Yep, We Need Each Other.

Nor can machines accomplish these massive, data-driven tasks including data enrichment, cleansing, and collection, without us. AI will cause disruption, but it will not cause large-scale job loss. Why? Three reasons.

First, humans still have massive advantages in our ability to pattern recognize, synthesize subjective factors (including emotions), and anticipate other human responses. Machine learning algorithms will continue to perform more rote tasks, better, and move up the “value chain” to more complex tasks. But the New York Times accurately concludes that lawyers’ jobs are safe, and a large-scale study by McKinsey estimates that less than 5 percent of jobs can be completely automated based on existing technologies within the next three to five years.

Second, machines need humans to train, test and retrain them.

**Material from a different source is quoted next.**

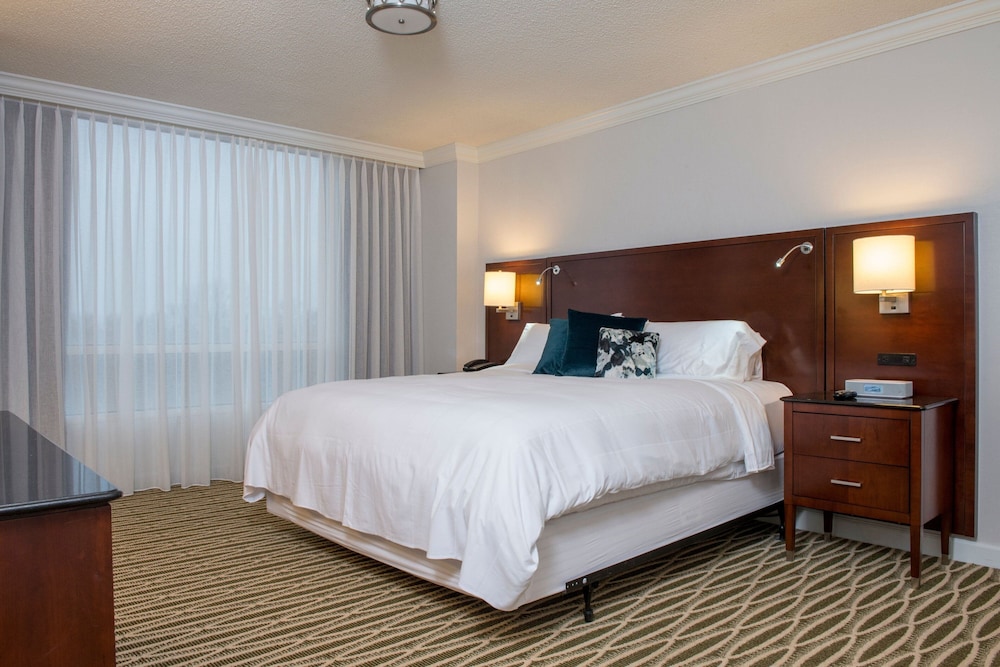Marriott Minneapolis Southwest - photo 14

The limits of AI are no longer computing power, or bandwidth, or raw data. The biggest limiting factor in AI’s applicability is the availability of high-quality data that accurately reflect how specific types of people think, act and feel. At our intelligent crowdsourcing company, Spare5, we are powering a diverse set of customers’ needs for domain-specific, reliable training data through the use of machine learning algorithms powered by human insights, and so we are seeing the revolution from the engine room.

Third, big companies are still figuring out how to integrate new AI-powered capabilities into their existing workflows. For example, AI is going to revolutionize how we shop. In the near future, my connected devices will anticipate my purchases, by understanding not just a fraction of my history, but also by considering my existing wardrobe, style, season, weather, geography, personality, life stage, hobbies, preferences and broader fashion trends. That’s a lot, but it is not science fiction. Ironically, though, retailers are going to need to break out of their A/B testing comfort zone to radically incorporate these capabilities. Those that do, will win big. Those that do not, well…ouch.

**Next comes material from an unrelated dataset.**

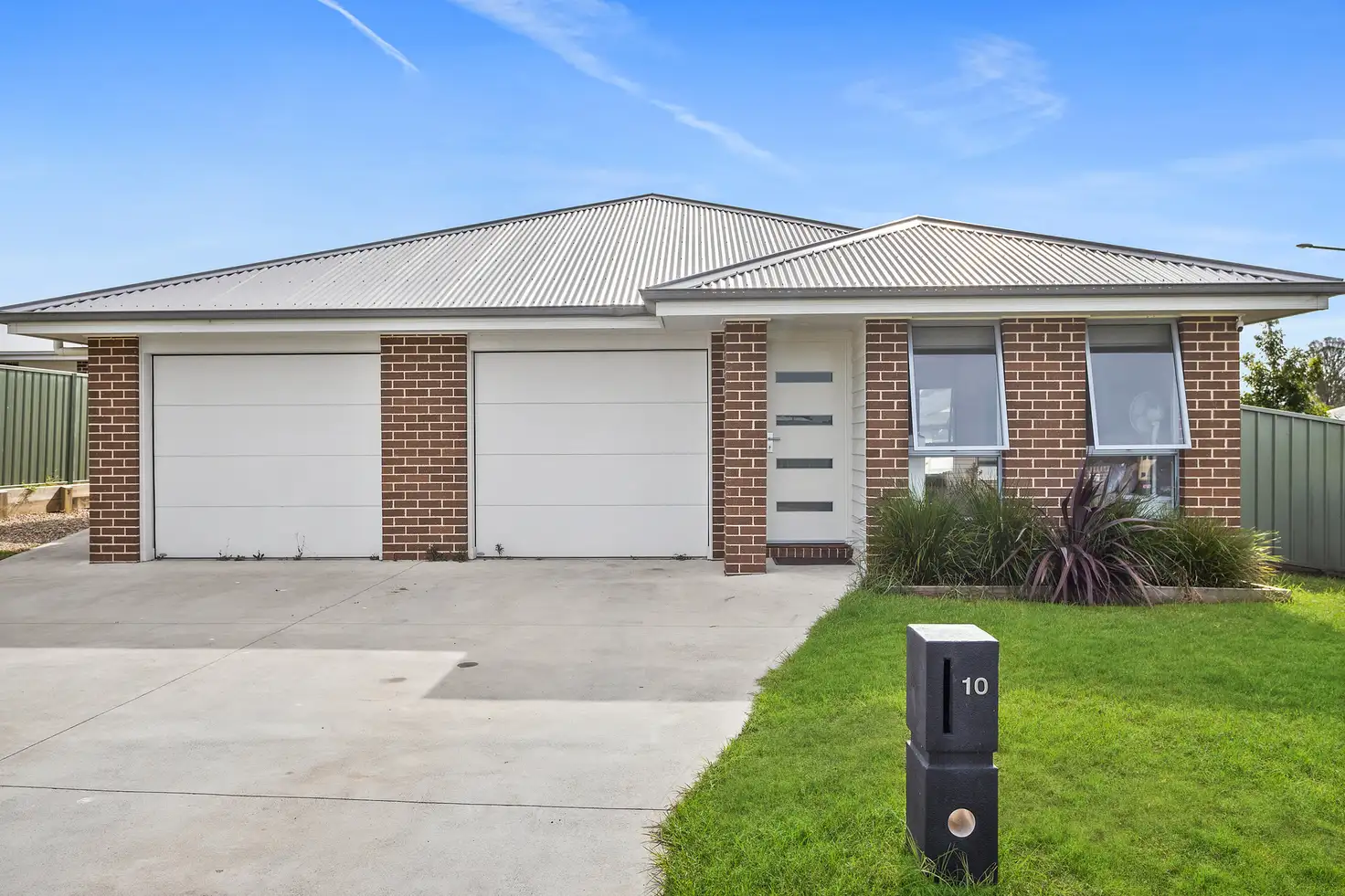 Main view of Homely semi-detached listing, 10 Bendigo Circuit, Nowra NSW 2541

In a Harvard Business Review interview, Erik Brynjolfsson and Andrew McAfee called upon entrepreneurs to “race with machines,” pointing out the massive opportunity we have to create new, better jobs and lives by harnessing the computing power we are creating:

This is an opportunity for entrepreneurs to think of ways of using humans in new applications, combining them with technology. We call that racing with machines as opposed to racing against them. 

Sorry, Rover

There’s been a lot of hype about machines in the media. We’ve heard the good and the bad, making it all the more important to take a step back and examine the actual relationship between humans and machines. Thus far it hasn’t been one of competition—man versus machine. It’s been one of companionship—man with machine. Separate, man’s evolution is limited, and machines are stunted. Together, humans can teach machines to learn and interact with humans, ultimately aiding them in accomplishing their greatest goals and realizing their most innovative visions. Machine, by all accounts, is our new best friend.